I’d been by her bedside for months, the only person she would speak to, and only in whispers. Once she started communicating with staff herself, I was expected to begin my training or risk losing my position as a junior healer. I worried that she would regress at the news, go back to being unable to talk at all, so I attempted to soften the blow. I bought her a cuddly toy fwooper, charmed to hold onto my scent. I hoped it would bring her comfort when I couldn’t be there. I hoped that it would remind her that she is loved, that she is a priority. She called him Fuzzfuzz, and he never leaves her side.

It worked, for the most part, although I lost count of the number of times I was called down from my own ward because she refused to cooperate with other junior healers. We’d planned to move in together straight after Hogwarts, but when they started talking about discharging Lavender, I knew we needed to have a serious discussion.

I discussed it with Lavender, of course, but I also had to sit through hours of concerned colleagues, family and friends. I understood where they were coming from. I was still processing the last year myself. I continued to have dreams haunted by memories and twisted into something newly horrific by my fear-fueled imagination. Yet I knew I was uniquely placed to help her through this. I knew that our bond, the trust we’d forged between us through our school years, would get us through together.

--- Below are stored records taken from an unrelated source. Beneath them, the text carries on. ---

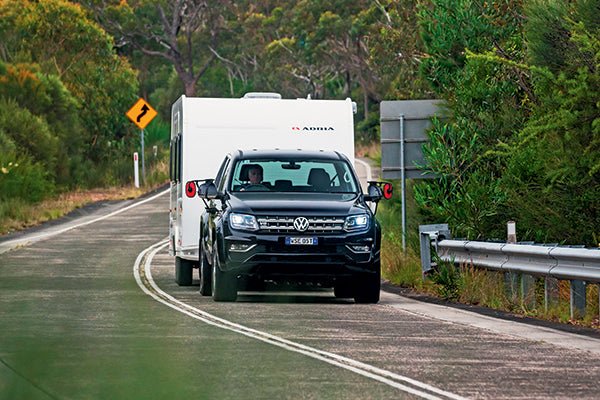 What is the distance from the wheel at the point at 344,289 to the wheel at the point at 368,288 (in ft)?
0.41

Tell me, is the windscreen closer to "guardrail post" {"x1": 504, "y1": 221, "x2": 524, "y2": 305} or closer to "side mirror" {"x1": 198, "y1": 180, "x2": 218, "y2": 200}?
"side mirror" {"x1": 198, "y1": 180, "x2": 218, "y2": 200}

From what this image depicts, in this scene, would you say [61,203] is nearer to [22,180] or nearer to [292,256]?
[22,180]

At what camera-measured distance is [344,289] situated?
21.1 m

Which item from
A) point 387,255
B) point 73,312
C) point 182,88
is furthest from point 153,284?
point 182,88

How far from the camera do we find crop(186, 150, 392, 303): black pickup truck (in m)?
19.9

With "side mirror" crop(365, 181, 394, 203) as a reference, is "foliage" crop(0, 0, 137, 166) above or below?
above

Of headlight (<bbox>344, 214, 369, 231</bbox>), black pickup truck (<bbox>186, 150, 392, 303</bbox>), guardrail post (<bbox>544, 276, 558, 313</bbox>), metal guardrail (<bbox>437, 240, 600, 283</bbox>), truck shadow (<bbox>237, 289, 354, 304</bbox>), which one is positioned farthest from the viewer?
truck shadow (<bbox>237, 289, 354, 304</bbox>)

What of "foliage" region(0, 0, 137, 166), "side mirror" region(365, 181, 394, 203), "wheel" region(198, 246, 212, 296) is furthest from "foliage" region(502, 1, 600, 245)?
"foliage" region(0, 0, 137, 166)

After another four months recovering at home, we found Lavender a job in Diagon Alley. She helped an elderly seer, just for one day a week at first, cleaning and managing the store while he gave readings in the back room. It was quiet and low pressure, but in a field that had always interested her. Fuzzfuzz went with her, of course, shrunk down to fit discreetly inside her pocket.

She’d seemed to be getting more and more back to herself, but as her hours at the shop increased, she began to plateau at home. She would come back so tired and short-tempered, bursting into tears at the slightest inconvenience. I didn’t always manage to keep my cool with her; my patience already stretched thin by the pressures of work and study. Things were tense, for a while. Unhealthy, if I’m honest. It could have all broken down if it hadn’t fallen into place for me when it did.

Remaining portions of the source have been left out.